Slick Tricks for Quick Quitters
Look out! There's a major new detour in your career path.
No longer is the goal to work hard and reach the top. Today, the savvy careerist works hard and reaches for their resignation letter.
"I've really enjoyed working here," you write, "but I'm going to enjoy quitting here a whole lot more."
Or so I learned in "Why is everyone quitting, and how do I know whether it is time to leave my job?" a recent article in The Washington Post by Taylor Telford and Aaron Gregg.
According to the authors, the U.S. Labor Department is reporting "a record 4.4 million people -- about 3% of the nation's workforce -- quit in September." That's on top of the 4.3 million who quit in August.
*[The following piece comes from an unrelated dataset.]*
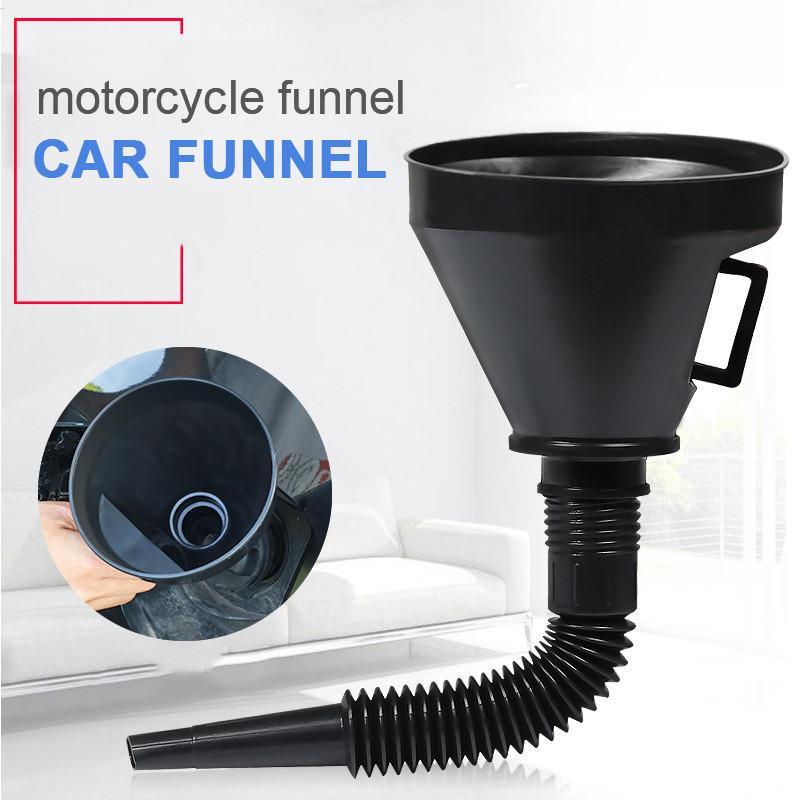  Automotive Motorcycle Engine Oil Funnel Set Wide Mouth Oil Funnel Flexible Long Neck with Detachable Filter Replacement Parts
The name for this phenomenon is the "Great Resignation." What it says to me is that if you haven't quit yet, better get a move on. Nothing is more embarrassing than walking into the office, resignation letter in hand, only to learn there's no one to give it to, since everyone else has already quit.
Of course, if you're one of the poor unfortunates who really love their job, you may need help in finding a reason to quit. Before I quit writing this column, or you quit reading it, here are three factors that tell you it's time to go.
No. 1: Your boss is nice to you.
Does your manager treat you with respect? Do they shower you with scads of appreciation for your work? Beware! All those kind words are meant to lull you into a stupor. Your boss is getting ready to quit. By leaving a responsible employee in place to take up the slack and take on the pressure, your manager's own departure will seem more, well, managerial.
Don't be fooled. The minute you get an awesome review and big raise, immediately quit.